Contre feux. Oui, la phrase de Rocard restée dans les annales, la France ne peut accueillir toute la misère du monde mais la misère de ces feux d’un autre temps au cœur même de notre pays brûle aussi à petit feux le sentiment d’adhésion à la Nation d’une grande frange de français de « fraîche date » selon l’expression heureuse d’Ahmed Boubeker. Notre société doit réagir est redécouvrir d’urgence, - sous peine d’implosion-, sa capacité de cohésion envers le moins nantis : pauvres, étrangers, populations discriminées au regard du sexe, de la religion ou de l’origine sociale ou culturelle à l’heure des prophètes d’apocalypse en tout genre. Prophètes qui, quelques fois avec l’aval des médias (souvenons-nous de la vraie fausse affaire antisémite du RER D, il y a un an jour pour jour) étiquettent et culturalisent sans cesse le débat public, le danger, le malheur, le terroriste, le délinquant, le pauvre...souvent résumés dans la figure du noir ou de l’Arabe de cités ou dernière trouvaille le « musulman agent dormant », prêt à se réveiller, bien évidemment, même si des dérives de ce type existent. Mais jeter l’opprobre sur toute une population sensible aux suspicions répétées à son égard est un jeu dangereux de la stigmatisation, notamment envers ces 2 dernières figures, et de fil en aiguille, incendies, drame ou délit criminel, où immeubles insalubres et populations noires sont liées est en train de devenir un poncif français et parisien.

La justice doit très rapidement nous dire si ces 2 feux sont d’origine criminelle ou non auquel cas, elle devra statuer sur la responsabilité politiques.
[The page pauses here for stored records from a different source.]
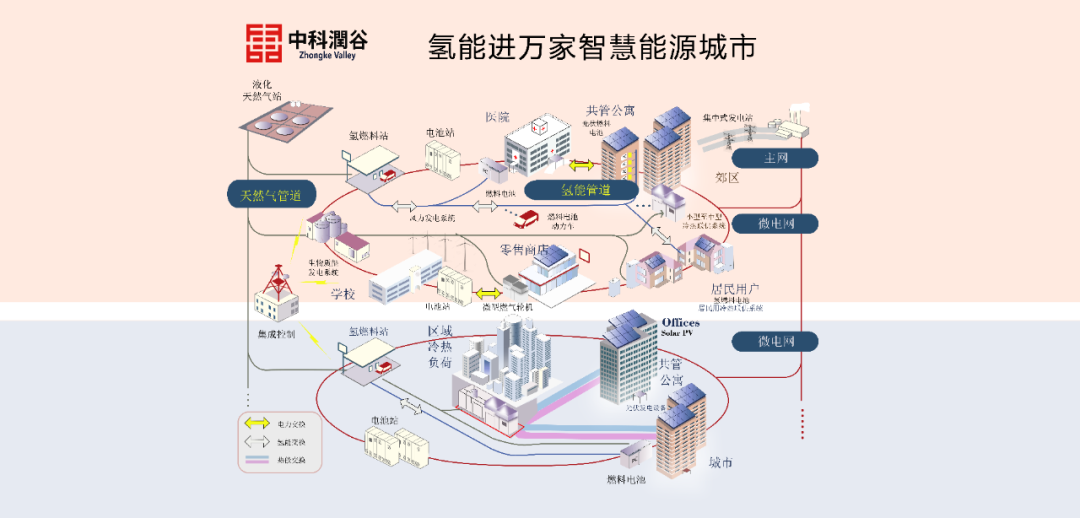 佛山市以氫能為重點,2021年持續擴大在交通領域的應用(圖2) 圖片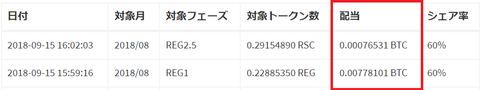 REGAIN6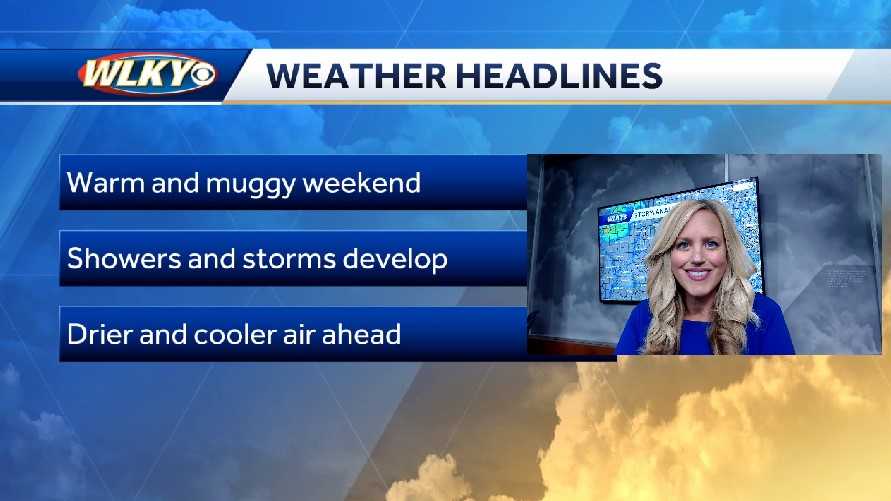 Impact weather: A chance of some storms over the next few days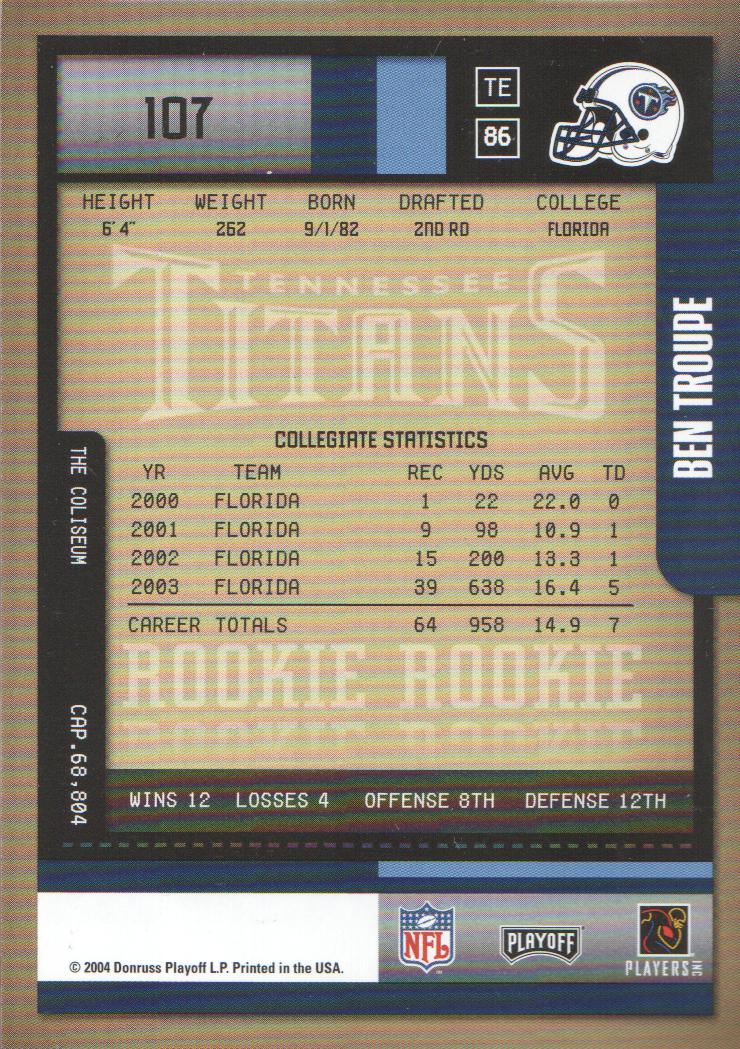 2004 Playoff Contenders #107 Ben Troupe AU/540* RC back image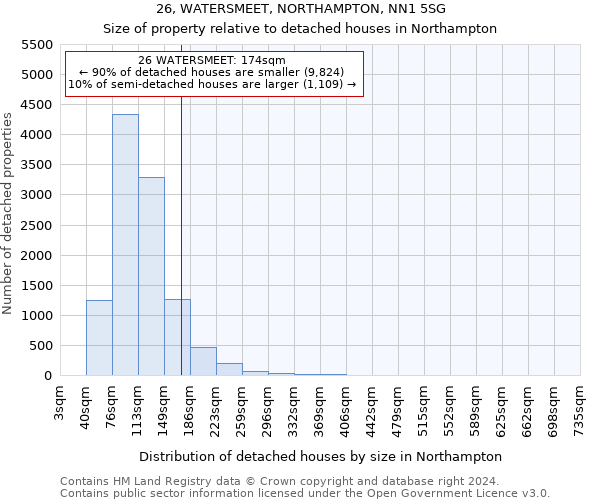 26, WATERSMEET, NORTHAMPTON, NN1 5SG: Size of property relative to detached houses in Northampton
Mais ni le message bien protocolaire de compassion et de condoléances aux familles du Président Jacques Chirac, qui n’a pas daigné se déplacer alors qu’il se trouve dans la capitale, ni les larmes silencieuses du Maire de Paris venu sur les lieux du drame ne ramèneront à la vie les sourires et les corps des 14 enfants morts brûlés vifs cette nuit dans la ville la plus prestigieuse du monde dans ce feu d’un autre âge.